There are a few different flavors of “Chief of Staff” that have a clear value proposition and yet manifest differently. They may already exist in your organization and are cloaked under different titles such as: program manager, Chief of Staff, COO, Deputy, CAO.
The below list of different ‘flavors’ of CoS is based on my first hand experience and research (yes, research) into this evolving role:
1. GSD (Get Sh*t Done) — This person is the best friggin’ executer in the universe and yet people still like them when it’s done)
2. Front Man — They can deal with all the people and they like it and god bless them. And they’re good at it too.
3. Successor — A serious incident is happening, this person could run it equally as well across all fronts as me. Or close. And when I leave they should take over)
4. Business Manager — Can someone please do the budgets and the recruiting and the vendor management and the legal contract reviews and the QBRs and OKRs and SBARs and Kanban boards and Jiras and my brain is exploding in business management terminology.
5. BBB (beers, brains, boards, behind the scenes). Pause.
This is the real deal chief of staff. This is the person you want to have beers with and debrief from the day with. It’s the person you would have family bbq with. They are the ones who you share brain power with. They are the person who fuels your geeky tank. Because they challenge you or inspire you or solve together with you. It just happens. And they know just what to say and how to say it to the boards and execs and regulators and whoever the f*ck else. Sometimes they do it. But sometimes they give me the winning words. This person:
Sees around the corner — they anticipate what is going to be needed. They know what you will be asked for, they understand timing and requests and risks, and people and corporate opportunities and responsibilities.

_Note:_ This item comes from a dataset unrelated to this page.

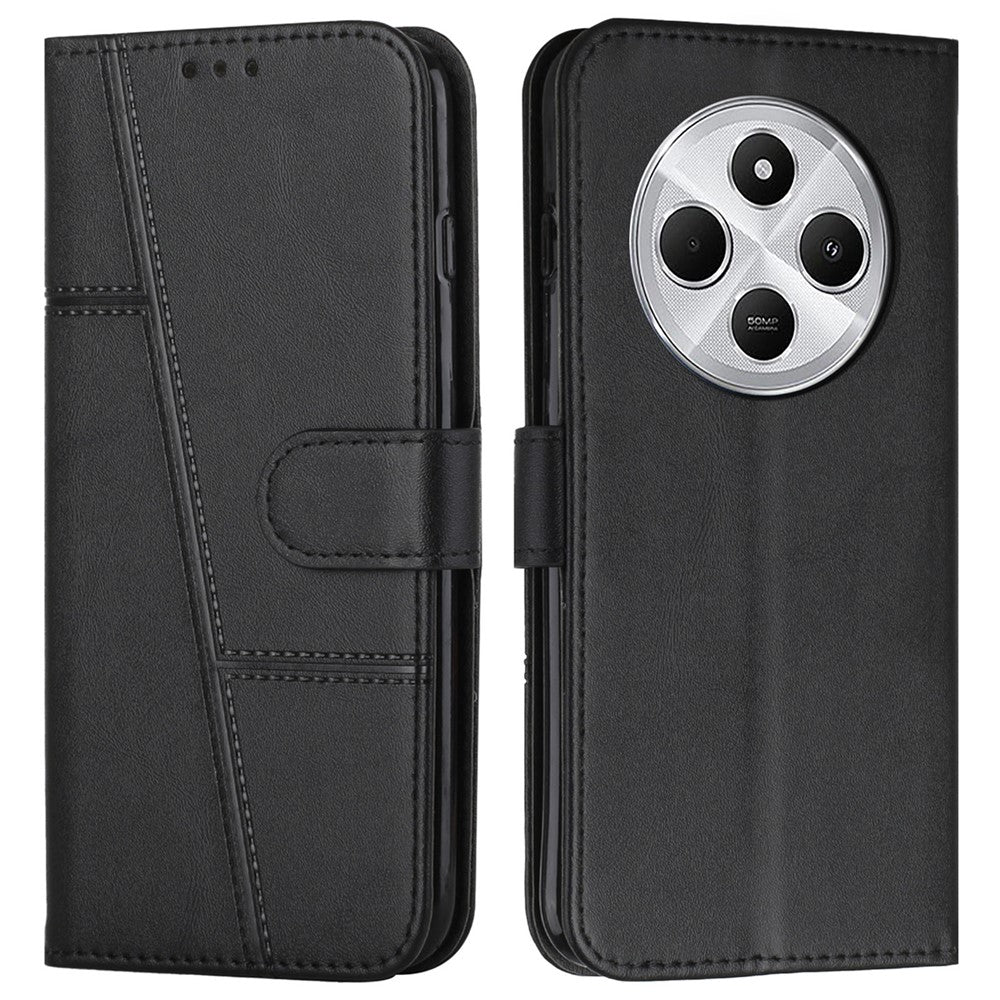 For Xiaomi Poco C75 4G / Redmi 14R 5G / 14C 4G Case Stand Flip Protective Leather Phone Cover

Protects the person in charge from themselves — This person has your best interest in mind. It’s also why they are someone you can share honestly with and someone who you will listen to. They know you for your strengths and accept you for your challenges, and they fill in the gaps in a way that adds to your strength.
This is the person who doesn’t want your job because after all, they already have the best job in the world, they are a Chief of Staff.
Across each of those paradigms (regardless of how you may mix and match them), the most important traits of a good candidate are the same and seem to transcend corporate titles.
Chemistry + Commitment
Chemistry — You know it when you have it. But you may not know you don’t have it. Because things work.
Commitment — They are in it together with you. And you know when they aren’t in it, or when you aren’t in it, or when it’s ok to transition.